◆ **EXERCISE**
Leave the pictures out and give every entry again exactly.

◆ **GIVEN INFORMATION**

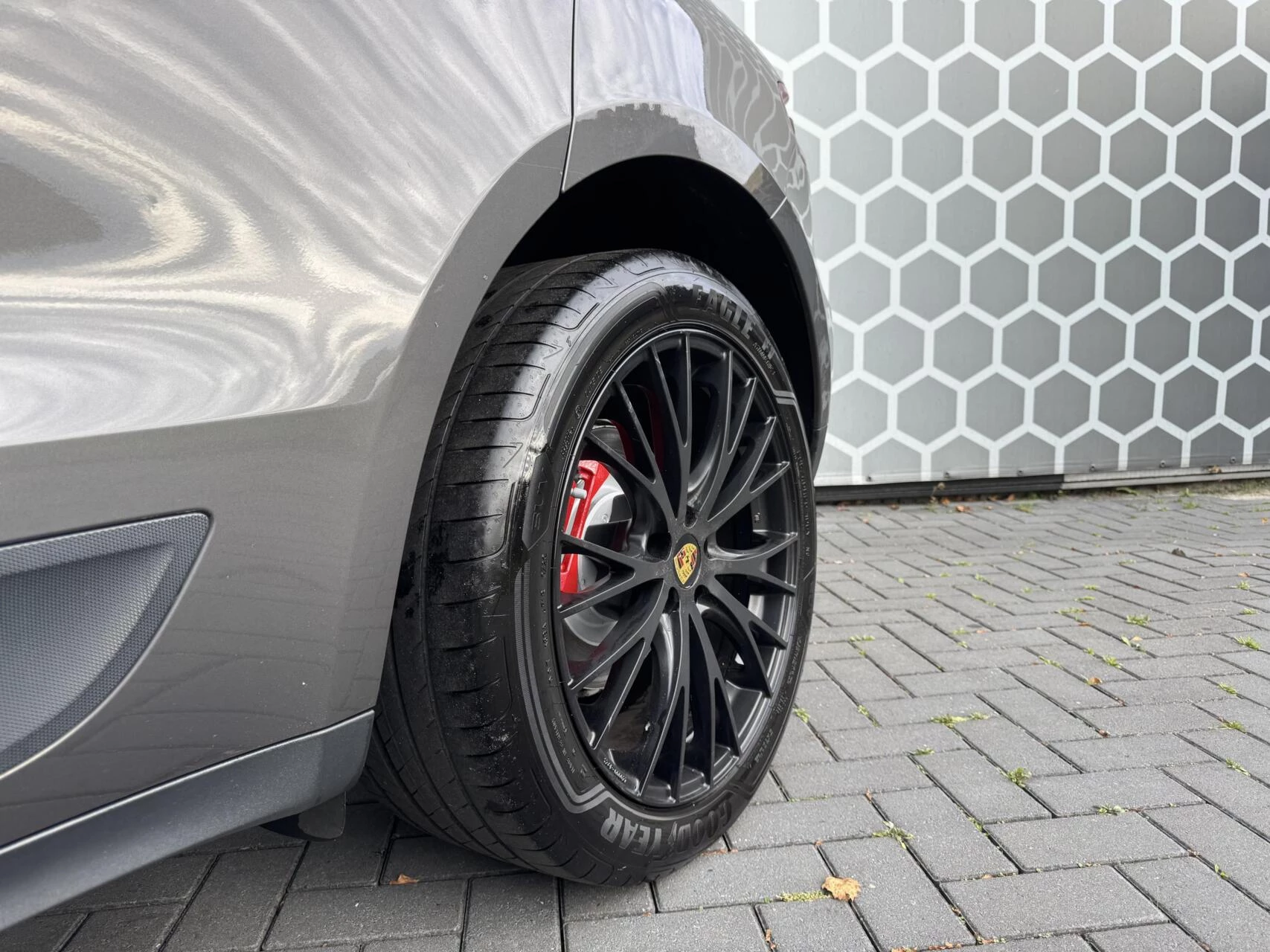Hoofdafbeelding Porsche Macan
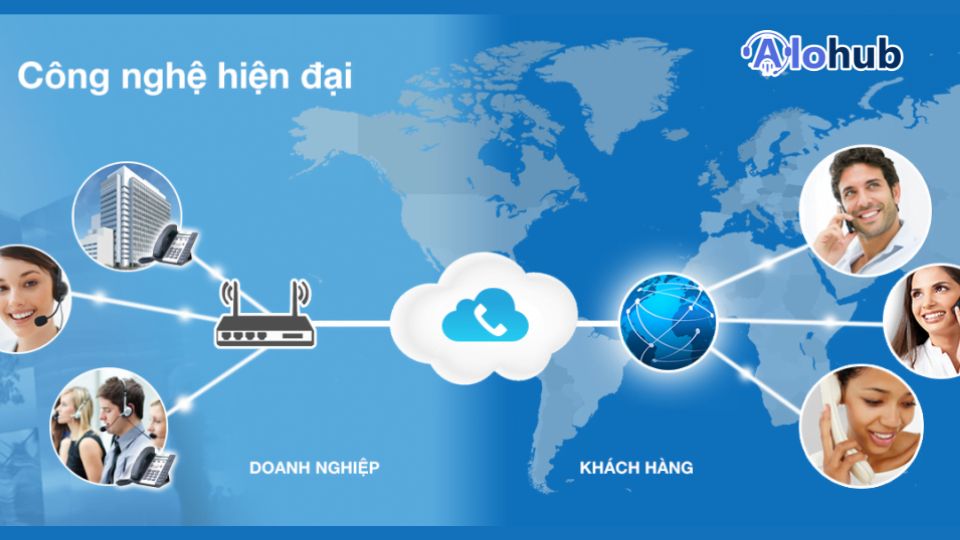 Omicall Dịch vụ tổng đài ảo thông minh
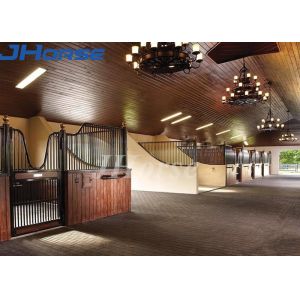 Standard Portable Stall Panels Hot Dipped Galvanized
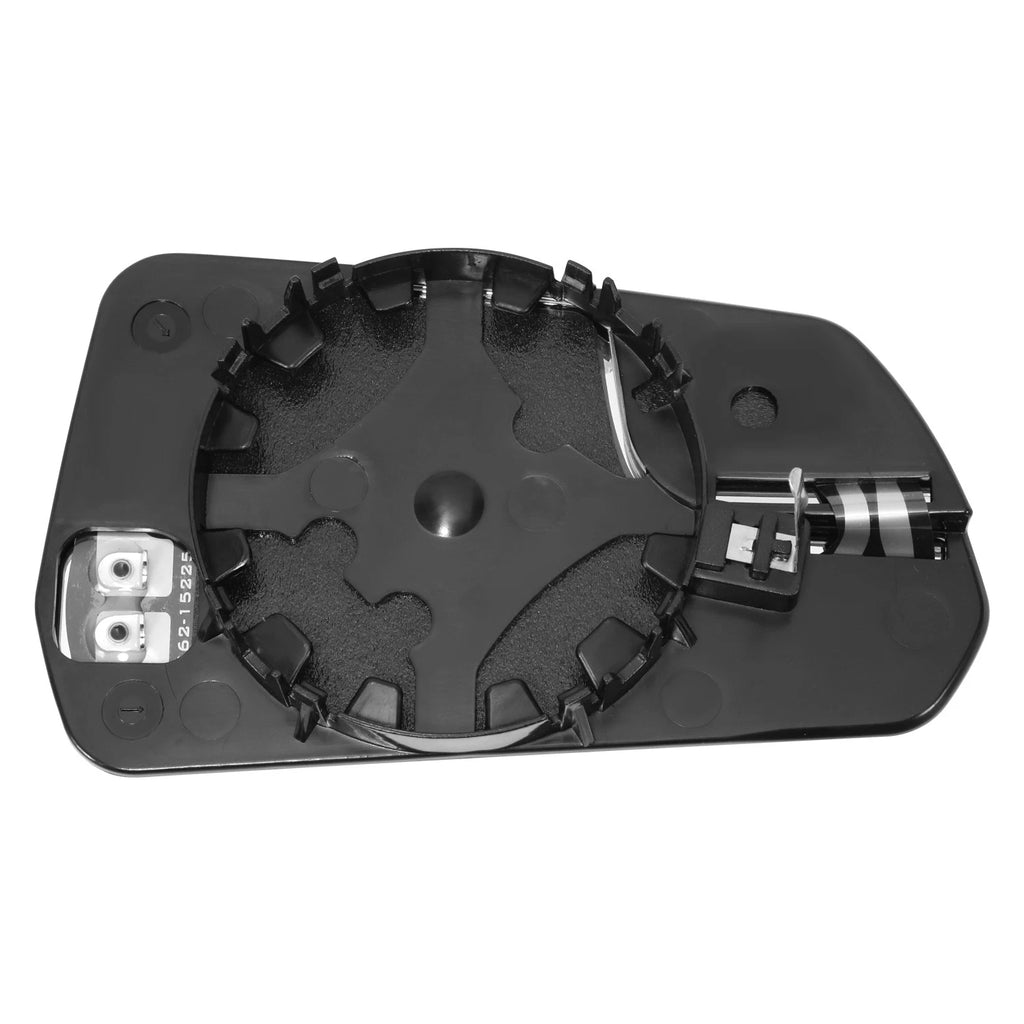 Driver Left Side Heated Flat Mirror Glass for Ford Mustang (2015–2023)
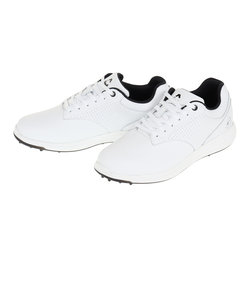 トラヴィスマシュー（Travis Mathew）CUATER THE MONEYMAKER - LUXE SHOES 4MV189 M 1WHT 21SS G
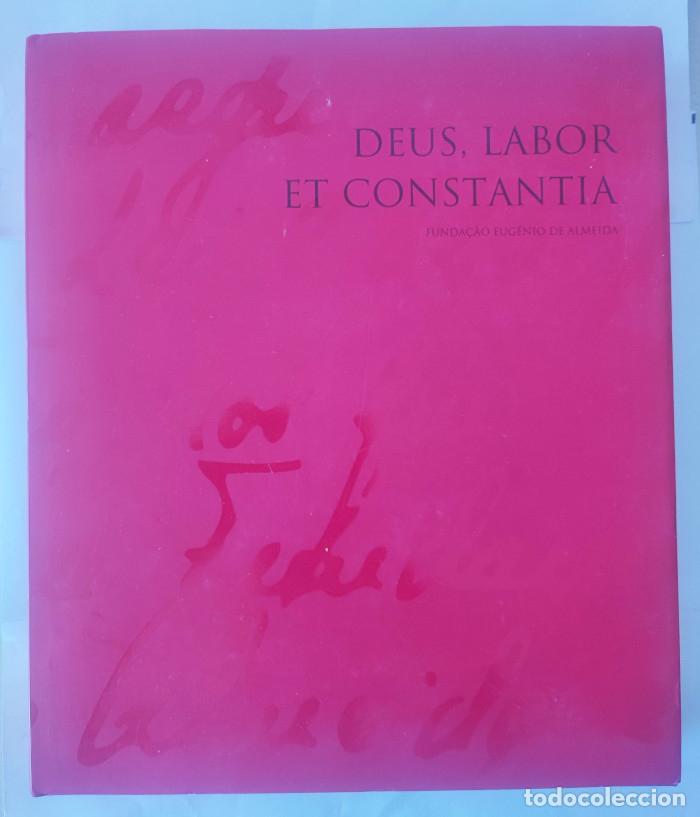 Libros: DEUS, LABOR ET CONSTANTIA - Sara Marques Pereira - Foto 2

◆ **TASK RESPONSE**
Hoofdafbeelding Porsche Macan
 Omicall Dịch vụ tổng đài ảo thông minh
 Standard Portable Stall Panels Hot Dipped Galvanized
 Driver Left Side Heated Flat Mirror Glass for Ford Mustang (2015–2023)
 トラヴィスマシュー（Travis Mathew）CUATER THE MONEYMAKER - LUXE SHOES 4MV189 M 1WHT 21SS G
 Libros: DEUS, LABOR ET CONSTANTIA - Sara Marques Pereira - Foto 2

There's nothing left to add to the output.